Information provided:

┌────────

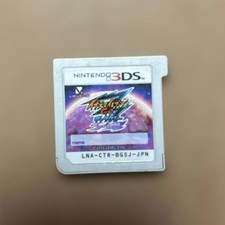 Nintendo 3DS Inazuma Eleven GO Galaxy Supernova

└────────
┌────────

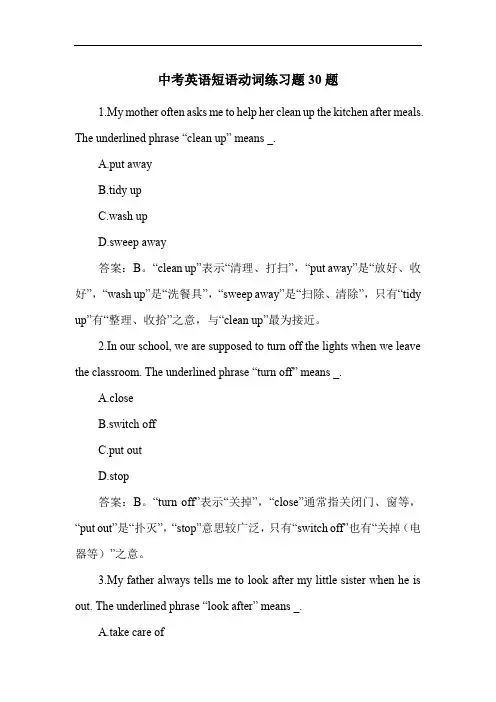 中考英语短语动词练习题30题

└────────
┌────────

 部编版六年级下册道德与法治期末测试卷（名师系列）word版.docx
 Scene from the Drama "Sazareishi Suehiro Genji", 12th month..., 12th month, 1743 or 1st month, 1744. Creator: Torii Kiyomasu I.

└────────

Work order: Retype the portion of the data above that starts on the line with "部编版六年级下册道德与法治期末测试卷（名师系列）word版.docx" and finishes on the line with "Scene from the", including both of those lines.

Solution to the exercise:
 部编版六年级下册道德与法治期末测试卷（名师系列）word版.docx
 Scene from the Drama "Sazareishi Suehiro Genji", 12th month..., 12th month, 1743 or 1st month, 1744. Creator: Torii Kiyomasu I.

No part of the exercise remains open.